> _ASSIGNED TASK_
Word for word, please restate the line containing "Sugar Buzz Grape Gumball Bee Balm" and all the lines that follow it to the end of the data.

> _SUPPLIED DATA_
☆ ☆ ☆
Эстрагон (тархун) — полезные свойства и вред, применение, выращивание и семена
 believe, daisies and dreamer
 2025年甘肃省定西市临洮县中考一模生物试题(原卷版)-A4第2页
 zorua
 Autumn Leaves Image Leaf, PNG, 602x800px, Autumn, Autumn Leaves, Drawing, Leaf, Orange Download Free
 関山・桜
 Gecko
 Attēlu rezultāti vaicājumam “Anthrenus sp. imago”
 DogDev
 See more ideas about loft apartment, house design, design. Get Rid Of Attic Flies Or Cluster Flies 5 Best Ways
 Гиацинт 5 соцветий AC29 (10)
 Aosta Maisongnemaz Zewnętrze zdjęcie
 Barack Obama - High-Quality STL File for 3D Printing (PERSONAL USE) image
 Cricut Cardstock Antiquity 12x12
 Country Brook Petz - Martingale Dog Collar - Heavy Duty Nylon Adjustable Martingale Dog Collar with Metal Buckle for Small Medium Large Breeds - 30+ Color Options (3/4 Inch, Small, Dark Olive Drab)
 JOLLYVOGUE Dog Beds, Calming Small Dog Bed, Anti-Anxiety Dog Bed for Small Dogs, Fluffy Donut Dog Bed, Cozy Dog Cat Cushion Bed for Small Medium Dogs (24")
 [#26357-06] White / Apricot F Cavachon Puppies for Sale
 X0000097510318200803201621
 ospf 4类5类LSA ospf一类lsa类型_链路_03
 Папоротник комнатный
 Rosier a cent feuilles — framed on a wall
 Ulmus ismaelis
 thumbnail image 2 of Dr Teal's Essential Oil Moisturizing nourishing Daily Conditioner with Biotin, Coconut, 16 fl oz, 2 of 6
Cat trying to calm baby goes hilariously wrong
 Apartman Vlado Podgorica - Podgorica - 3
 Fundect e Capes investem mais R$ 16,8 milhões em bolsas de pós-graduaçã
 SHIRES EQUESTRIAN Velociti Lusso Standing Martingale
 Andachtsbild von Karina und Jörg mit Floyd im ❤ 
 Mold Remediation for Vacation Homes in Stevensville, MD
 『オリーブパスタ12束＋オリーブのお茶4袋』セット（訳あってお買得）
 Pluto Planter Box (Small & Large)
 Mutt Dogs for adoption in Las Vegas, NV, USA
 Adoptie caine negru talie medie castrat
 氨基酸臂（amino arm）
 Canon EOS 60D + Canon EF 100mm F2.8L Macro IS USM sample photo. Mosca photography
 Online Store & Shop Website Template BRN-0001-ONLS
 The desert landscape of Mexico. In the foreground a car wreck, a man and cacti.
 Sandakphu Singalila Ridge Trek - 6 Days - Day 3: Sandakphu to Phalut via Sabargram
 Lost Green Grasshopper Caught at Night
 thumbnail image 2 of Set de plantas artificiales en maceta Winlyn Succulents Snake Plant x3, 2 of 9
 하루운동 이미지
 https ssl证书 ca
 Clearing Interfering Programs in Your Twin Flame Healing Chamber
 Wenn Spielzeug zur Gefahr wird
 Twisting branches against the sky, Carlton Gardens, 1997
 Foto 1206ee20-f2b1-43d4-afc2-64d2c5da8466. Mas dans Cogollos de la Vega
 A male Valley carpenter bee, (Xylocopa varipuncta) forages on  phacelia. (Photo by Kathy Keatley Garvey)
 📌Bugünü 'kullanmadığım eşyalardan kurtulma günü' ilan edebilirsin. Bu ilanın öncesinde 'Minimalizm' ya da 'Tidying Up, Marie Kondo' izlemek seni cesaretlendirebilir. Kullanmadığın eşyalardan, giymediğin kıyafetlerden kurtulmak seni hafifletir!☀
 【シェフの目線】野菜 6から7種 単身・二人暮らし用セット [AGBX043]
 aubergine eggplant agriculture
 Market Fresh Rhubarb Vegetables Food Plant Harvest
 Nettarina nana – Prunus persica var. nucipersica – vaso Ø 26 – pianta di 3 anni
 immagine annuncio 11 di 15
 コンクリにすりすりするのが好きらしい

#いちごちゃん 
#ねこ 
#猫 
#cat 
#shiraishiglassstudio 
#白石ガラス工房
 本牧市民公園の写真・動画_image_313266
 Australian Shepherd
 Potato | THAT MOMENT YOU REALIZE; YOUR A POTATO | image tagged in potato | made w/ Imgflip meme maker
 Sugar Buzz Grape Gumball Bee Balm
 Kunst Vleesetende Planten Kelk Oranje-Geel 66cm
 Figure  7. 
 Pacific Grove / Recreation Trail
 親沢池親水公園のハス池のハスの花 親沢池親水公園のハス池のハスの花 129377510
☆ ☆ ☆
> _ANSWER SPACE_
 Sugar Buzz Grape Gumball Bee Balm
 Kunst Vleesetende Planten Kelk Oranje-Geel 66cm
 Figure  7. 
 Pacific Grove / Recreation Trail
 親沢池親水公園のハス池のハスの花 親沢池親水公園のハス池のハスの花 129377510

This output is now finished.